- **What you are asked to do**
Using the listing below, reproduce exactly the lines from the one with "Woman Taking A Selfie Of Her Healthy Snack" through the last, with all pictures left out.

- **Supplied material**

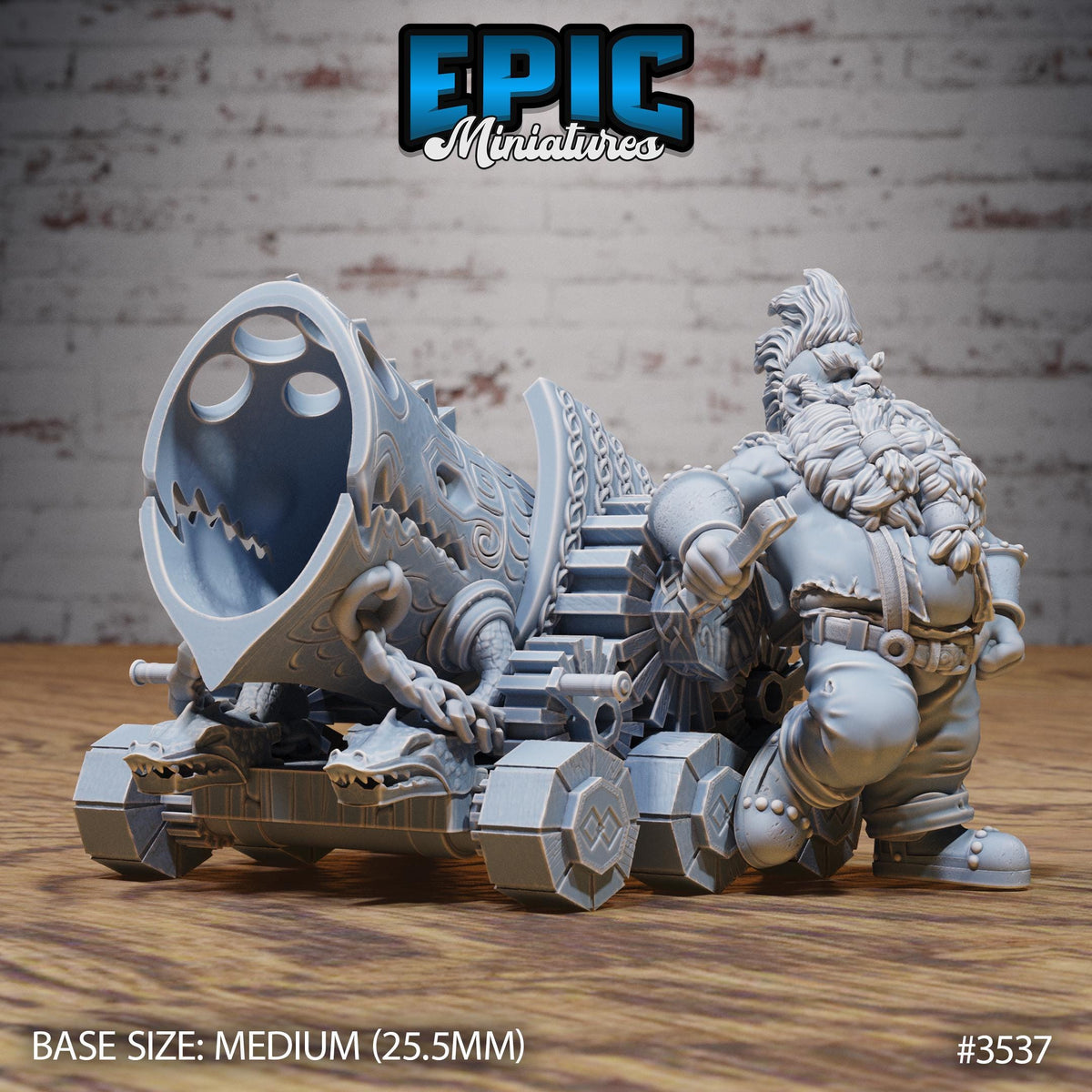 Cannon Dwarf Option #3537 front DND miniature Nightsky Carnival 16k resin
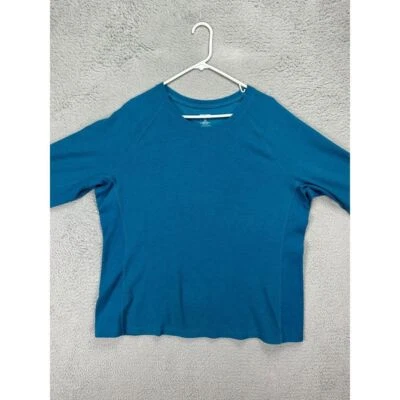 Duluth Trading Co. Camisa Mujer 2XL Verde Azulado Cuello Redondo Manga Larga Camiseta Damas Foto 1 de 4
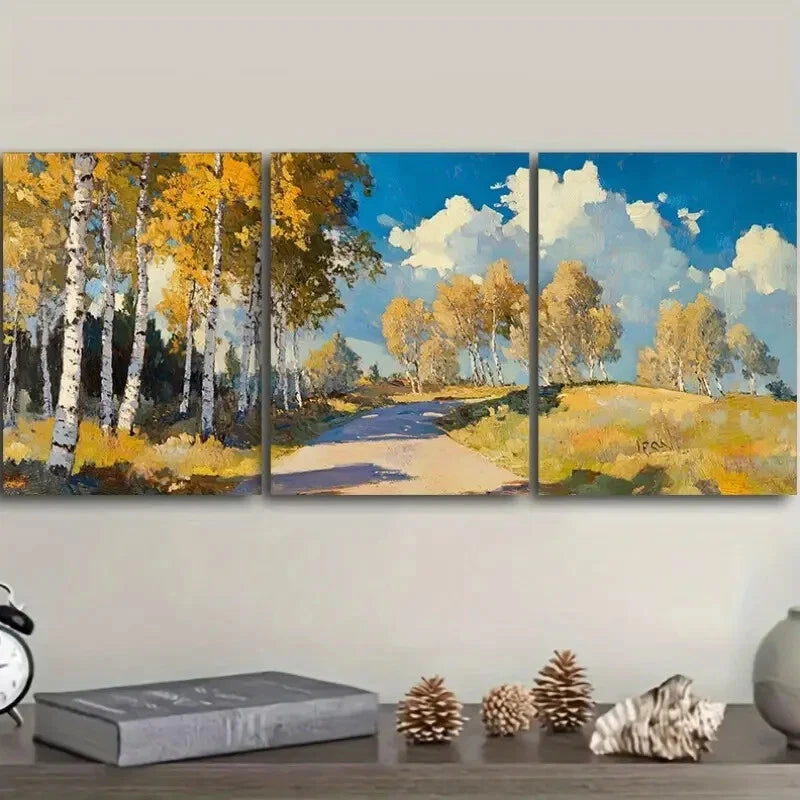 3pcs Autumn Birch Forest Scene Classic Modern Metal Print Ready to Hang Art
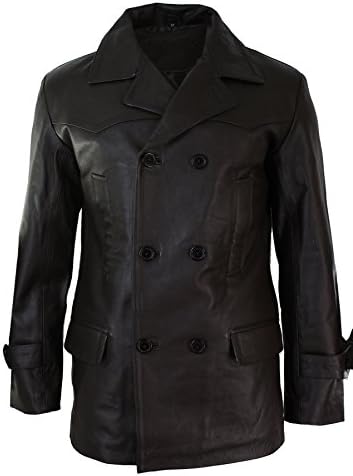 Men's Three-Quarter Real Leather Peacoat with Broad Notched Lapels - Dark Brown
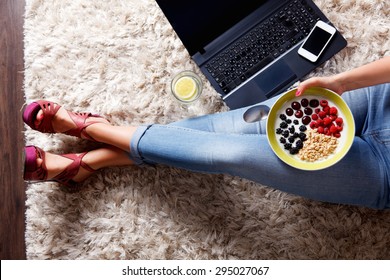 Woman Taking A Selfie Of Her Healthy Snack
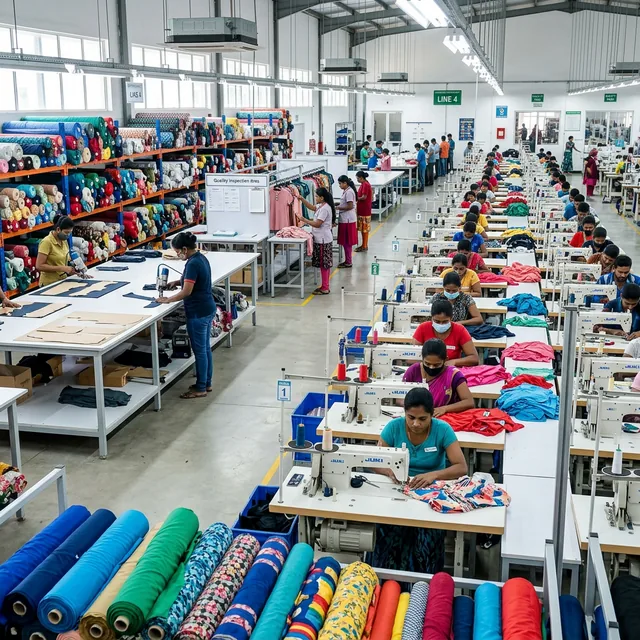 Modern textile and garment factory production lines in Sri Lanka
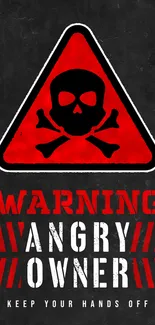 Bold warning sign with skull design on a black background.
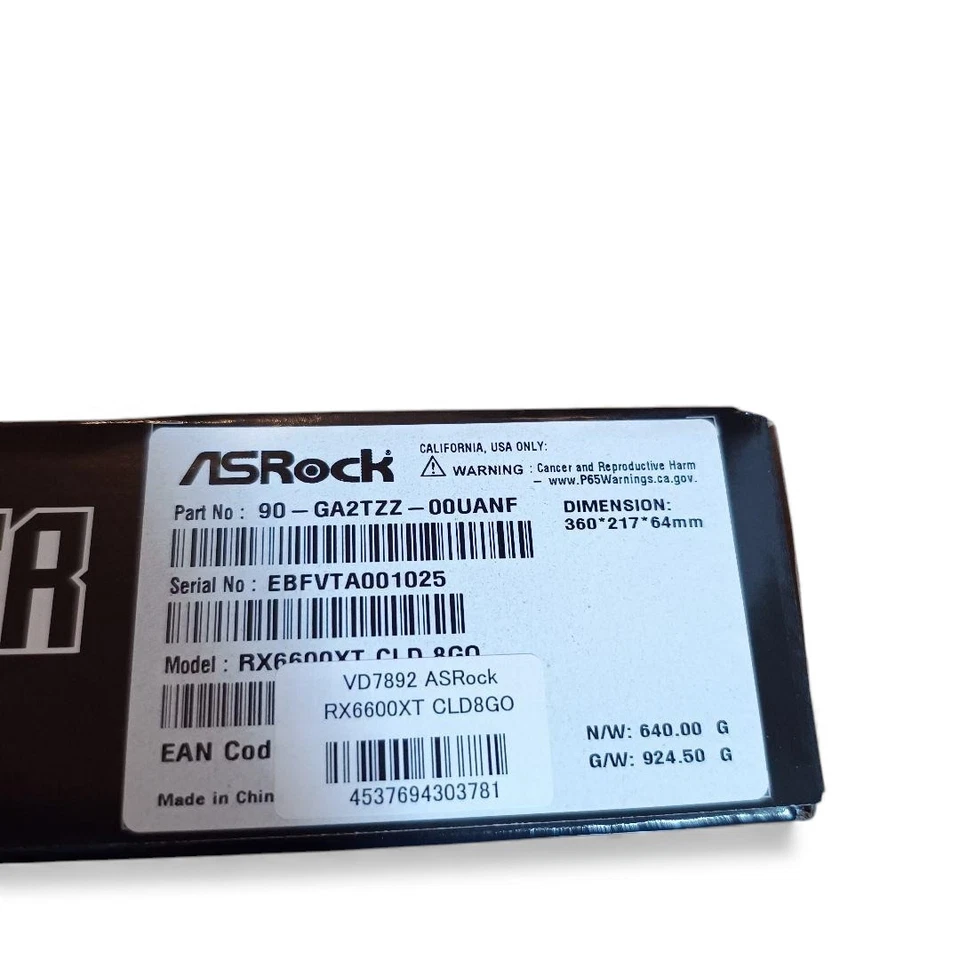 ASRock AMD Radeon RX 6600 XT 8GB OC GDDR6 Graphics Card NEW JP - Image 2 of 4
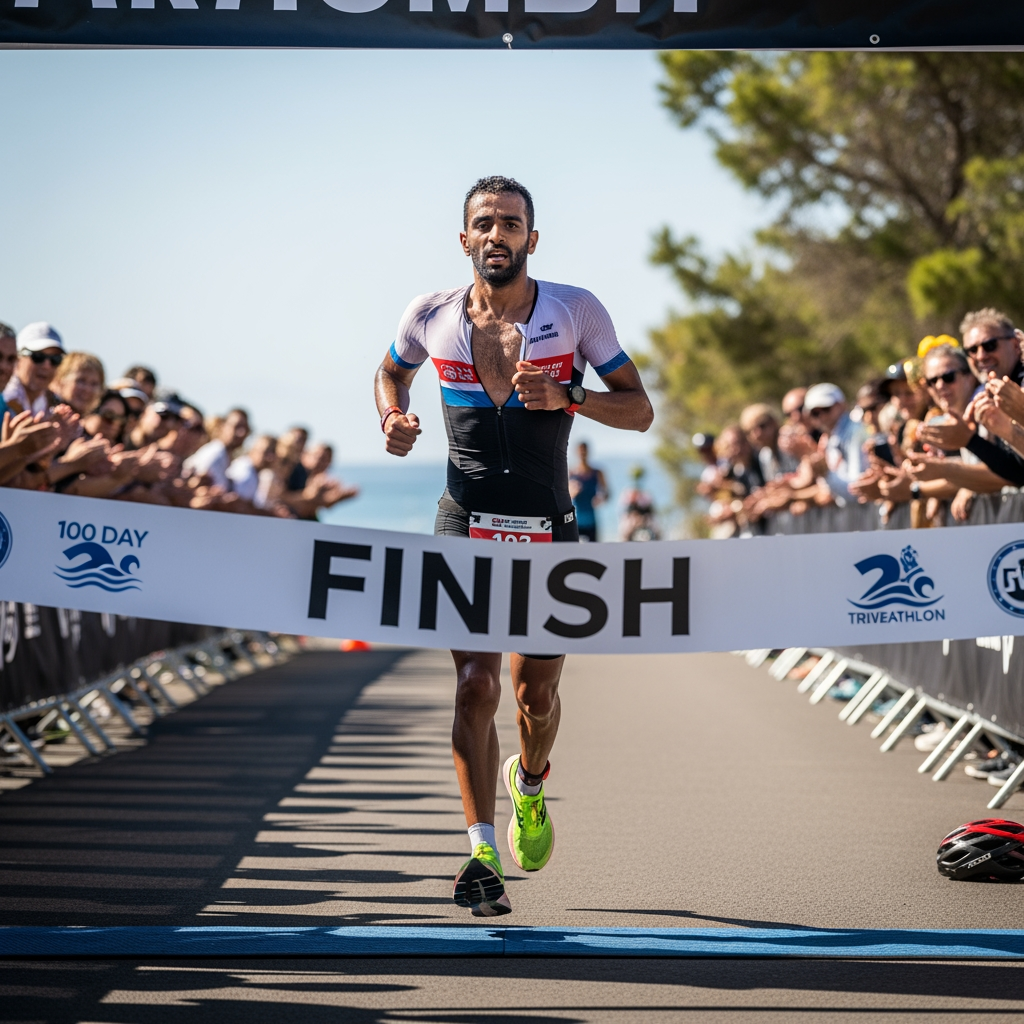 Illustration for: Ghani Souleymane's 100-Day Triathlon Triumph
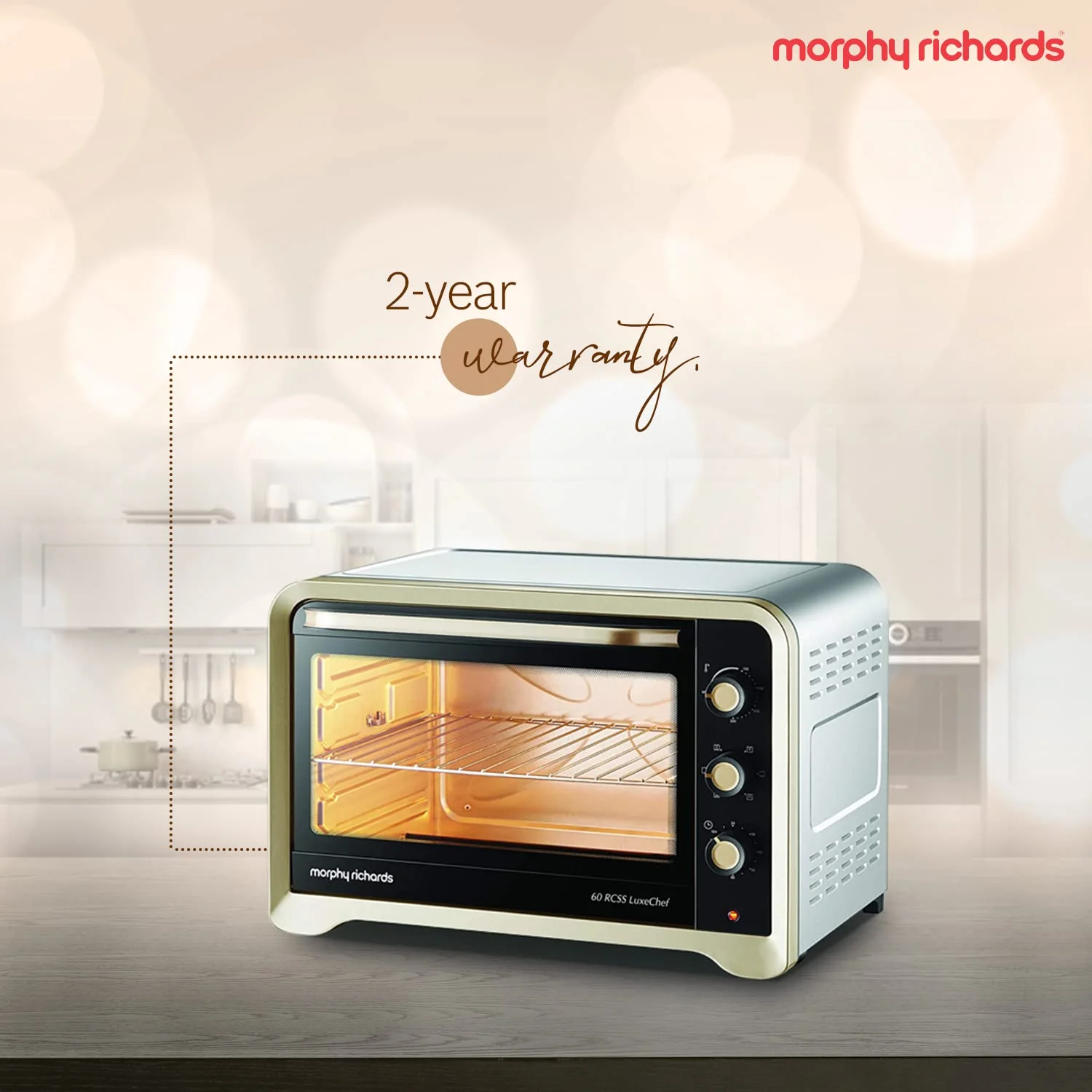 Morphy Richards 60RCSS Luxe Chef OTG | Convection and Rotisserie Function | Large Capacity 60L | Gold | 2 Year Product Warranty - Image 4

- **Answer section**
 Woman Taking A Selfie Of Her Healthy Snack
 Modern textile and garment factory production lines in Sri Lanka
 Bold warning sign with skull design on a black background.
 ASRock AMD Radeon RX 6600 XT 8GB OC GDDR6 Graphics Card NEW JP - Image 2 of 4
 Illustration for: Ghani Souleymane's 100-Day Triathlon Triumph
 Morphy Richards 60RCSS Luxe Chef OTG | Convection and Rotisserie Function | Large Capacity 60L | Gold | 2 Year Product Warranty - Image 4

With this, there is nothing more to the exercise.